→ **Provided records**
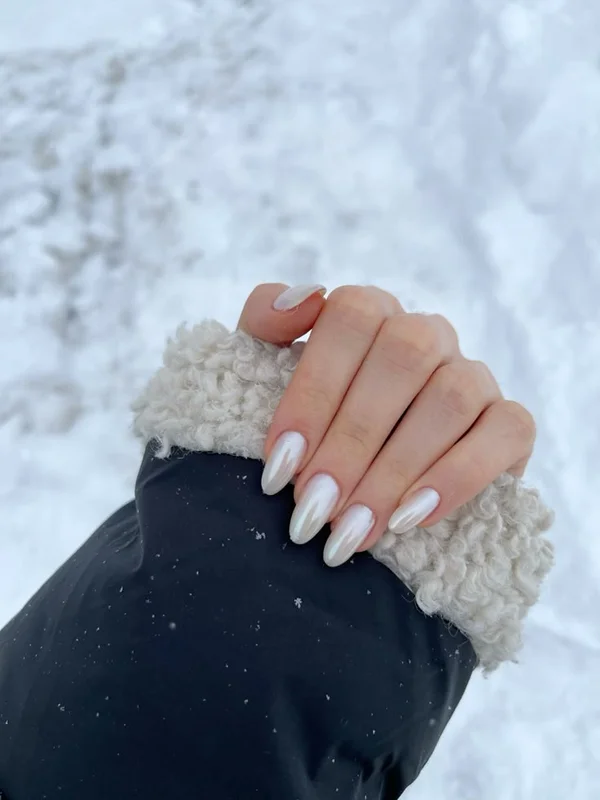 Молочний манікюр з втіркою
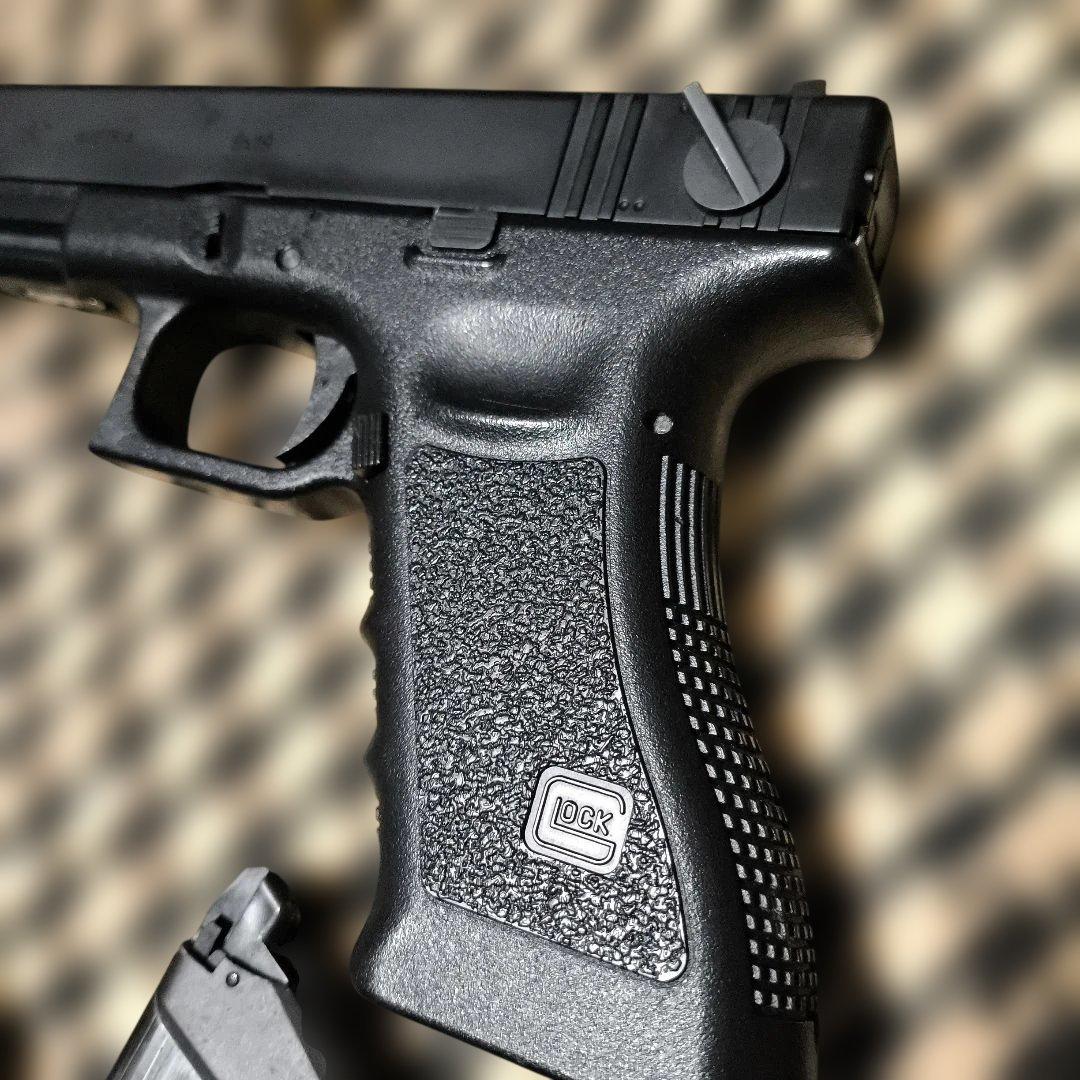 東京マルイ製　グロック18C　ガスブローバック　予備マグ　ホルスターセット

==

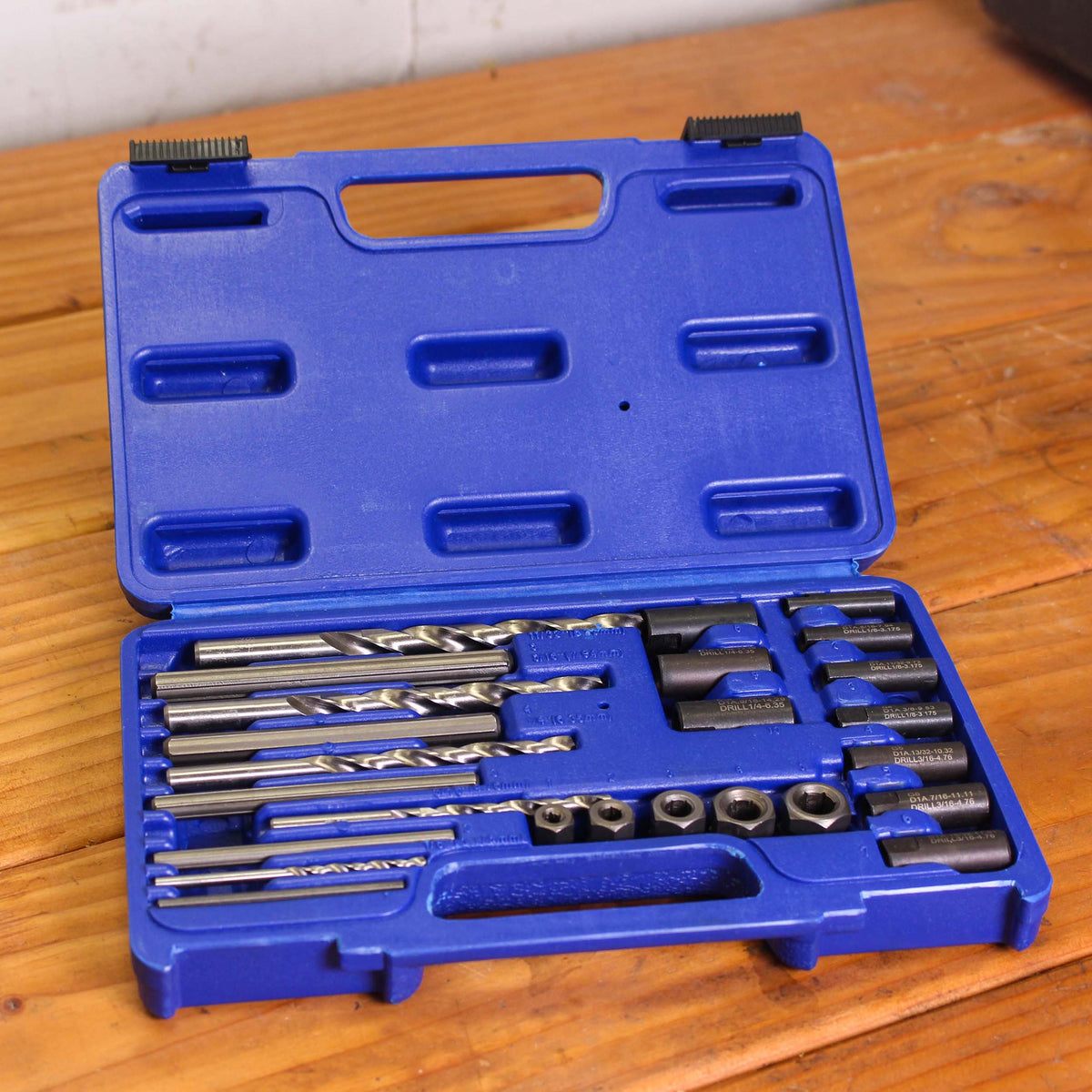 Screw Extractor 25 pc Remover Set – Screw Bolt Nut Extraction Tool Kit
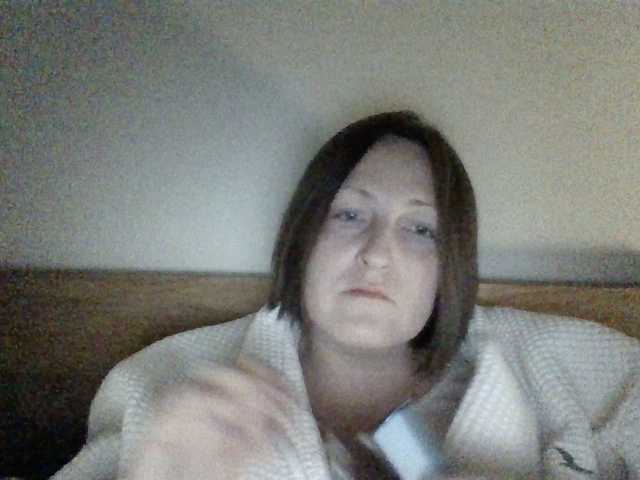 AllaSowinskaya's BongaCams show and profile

→ **What needs to be done**
Your answer should be the lines above, word for word, from the line with "Молочний манікюр з втіркою" through the line with "東京マルイ製　グロック18C　ガスブローバック　予備マグ　ホルスターセット", minus the pictures.

→ **Answer**
 Молочний манікюр з втіркою
 東京マルイ製　グロック18C　ガスブローバック　予備マグ　ホルスターセット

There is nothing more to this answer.